Looks like there is no regression.
Thanks,
Richard
On Tue, Jan 28, 2014 at 9:58 AM, Richard Cochran
<[email protected]> wrote:
> I tested for a regression using the patched kernel with the nohz=off
> command line option...
>
> On Mon, Jan 13, 2014 at 10:15:18AM -0800, John Stultz wrote:
>> On 01/13/2014 09:51 AM, Richard Cochran wrote:
>> >
>> > - Linux 3.12.7-nohz-plain-20140106 nohz-plain.log
>> > - Linux 3.12.7-nohz-plain-20140106 NOHZ=OFF periodic-plain.log
>> > - Linux 3.12.7-nohz-fix-20140106-00001-gd753140 nohz-fix.log
>
> Regression check:
>
> - Linux homeboy 3.12.7-nohz-fix-20140106-00001-gd753140 NOHZ=OFF
> nohz-fix-periodic.log
>
>> > The performance in the log files as reflected in the clock offset is
>> > summarized in this table. The values are in nanoseconds.
>> >
>> > | | periodic-plain | nohz-fix | nohz-plain |
>> > |---------+----------------+---------------+---------------|
>> > | minimum | -1.599000e+03 | -1.051000e+03 | -5.373700e+04 |
>> > | maximum | +1.311000e+03 | +1.048000e+03 | +6.389500e+04 |
>> > | mean | +9.880240e-02 | -7.747305e+01 | +1.597904e+01 |
>> > | stddev | +4.610021e+02 | +3.960978e+02 | +1.491263e+04 |
>
> Comparing the nohz=off case with and without the patch, the three hour
> test looks like this.
>
> | | periodic-plain | nohz-fix-periodic |
> |---------+----------------+-------------------+
> | minimum | -1.599000e+03 | -1.427000e+03 |
> | maximum | +1.311000e+03 | +1.279000e+03 |
> | mean | +9.880240e-02 | -2.710778e+01 |
> | stddev | +4.610021e+02 | +3.974372e+02 |
>
>> > http://linuxptp.sourceforge.net/nohz-fix/current_nohz.png
>> > http://linuxptp.sourceforge.net/nohz-fix/periodic_vs_fix.png
>
> I also made a third graph showing before and after the patch.
>
> http://linuxptp.sourceforge.net/nohz-fix/nohz_regression.png
>
>> If you do get a chance to look again, I'd also be interested if running
>> with nohz=off w/ the fix doesn't show any regression compared to the
>> unmodified nohz=off case.
>
> Looks like there is no regression.
That's great to hear! Looks like we might be able to queue it for 3.15...
Thanks so much again for the detailed testing! I really appreciate it!
thanks
-john
On Mon, Jan 06, 2014 at 07:57:03PM -0800, John Stultz wrote:
> Got a few cycles to take another look at this, and tried to address
> Miroslav's latest comments. Please let me know if you have further
> thoughts!
I've had finally some time to look at this, sorry for the delay.

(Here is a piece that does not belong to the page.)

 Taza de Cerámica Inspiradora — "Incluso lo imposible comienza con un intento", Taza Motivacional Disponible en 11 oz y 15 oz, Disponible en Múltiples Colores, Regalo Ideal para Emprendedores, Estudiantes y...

> I also dropped the tk->ntp_error adjustments, as I've never quite
> been able to recall how that was correct, and it doesn't seem to
> have any affect in the simulator. Will have to proceed carefully
> with testing here.
I see some effect of the ntp_error correction in the simulator, but it
seems rather disruptive than helpful. Perhaps the correction was meant
to account the fact that for the ntp_error accumulation ntp_tick
should change at the time when mult is changed instead of start of the
tick. I tried to find that correction and came up with this:
(ntp_tick1 - ntp_tick2) * offset / interval + offset
That doesn't look usable. But I don't think it's really necessary to
have any correction for that and I'm for dropping that line from the
code as your patch does.
Anyway, it seems there is a different problem in the code. I modified
the simulator to see how the code works when the clocksource frequency
is not divisible by HZ. With TSC_FREQ set to 3579545 (acpi_pm freq)

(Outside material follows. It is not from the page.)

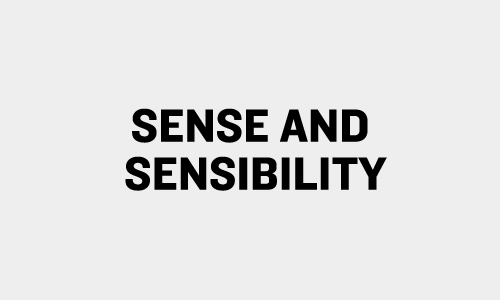 SENSE AND SENSIBILITY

ntp_error doesn't settle down and the clock has a large frequency
error.
On top of your patch, this fixes the problem for me:
--- a/kernel/time/timekeeping.c
+++ b/kernel/time/timekeeping.c
@@ -1065,7 +1065,7 @@ static __always_inline void timekeeping_freqadjust(struct timekeeper *tk,
/* Calculate current error per tick */
tick_error = ntp_tick_length() >> tk->ntp_error_shift;
- tick_error -= tk->xtime_interval;
+ tick_error -= tk->xtime_interval + tk->xtime_remainder;
/* Don't worry about correcting it if its small */
if (likely(abs(tick_error) < 2*interval))

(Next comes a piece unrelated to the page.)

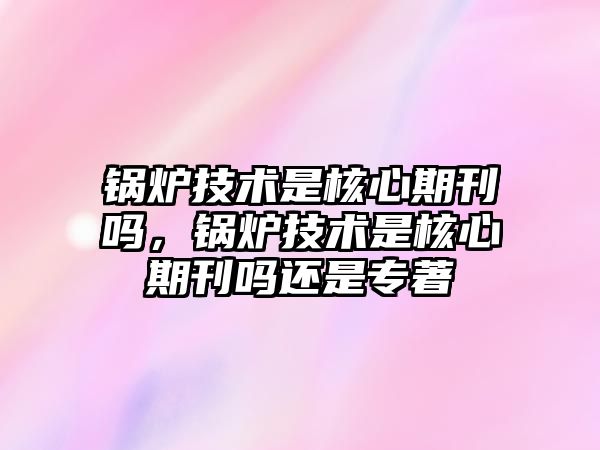 鍋爐技術是核心期刊嗎，鍋爐技術是核心期刊嗎還是專著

My patch has this problem too. The original code seems to be affected
to some extent, it's able to converge to the correct frequency, but
there is some residual ntp error. Adding xtime_remainder to
timekeeping_bigadjust() fixes that.
I've some comments on the performance of the proposed code, I'll send
them in a separate mail later.
Thanks,
--
Miroslav Lichvar
On 02/07/2014 03:45 AM, Miroslav Lichvar wrote:
> On Mon, Jan 06, 2014 at 07:57:03PM -0800, John Stultz wrote:
>> Got a few cycles to take another look at this, and tried to address
>> Miroslav's latest comments. Please let me know if you have further
>> thoughts!
> I've had finally some time to look at this, sorry for the delay.
>
>> I also dropped the tk->ntp_error adjustments, as I've never quite
>> been able to recall how that was correct, and it doesn't seem to
>> have any affect in the simulator. Will have to proceed carefully
>> with testing here.
> I see some effect of the ntp_error correction in the simulator, but it
> seems rather disruptive than helpful. Perhaps the correction was meant
> to account the fact that for the ntp_error accumulation ntp_tick
> should change at the time when mult is changed instead of start of the
> tick. I tried to find that correction and came up with this:
Yes, so I actually re-added the logic a few days after sending that
patch out.
I realized the issue is that for the accumulation point, we're adjusting
the time forward or backwards, so with the new freq the non-accumulated
offset lines up with the current time. Thus the ntp_error is the error
at that accumulation point, which also needs to be adjusted
appropriately (apologies its much easier to see when drawn).
> (ntp_tick1 - ntp_tick2) * offset / interval + offset
>
> That doesn't look usable. But I don't think it's really necessary to
> have any correction for that and I'm for dropping that line from the
> code as your patch does.
I'll have to try to look over your suggestion here another day. I
unfortunately have a head cold at the moment, so any complicated math is
a bit treacherous. :)
> Anyway, it seems there is a different problem in the code. I modified
> the simulator to see how the code works when the clocksource frequency
> is not divisible by HZ. With TSC_FREQ set to 3579545 (acpi_pm freq)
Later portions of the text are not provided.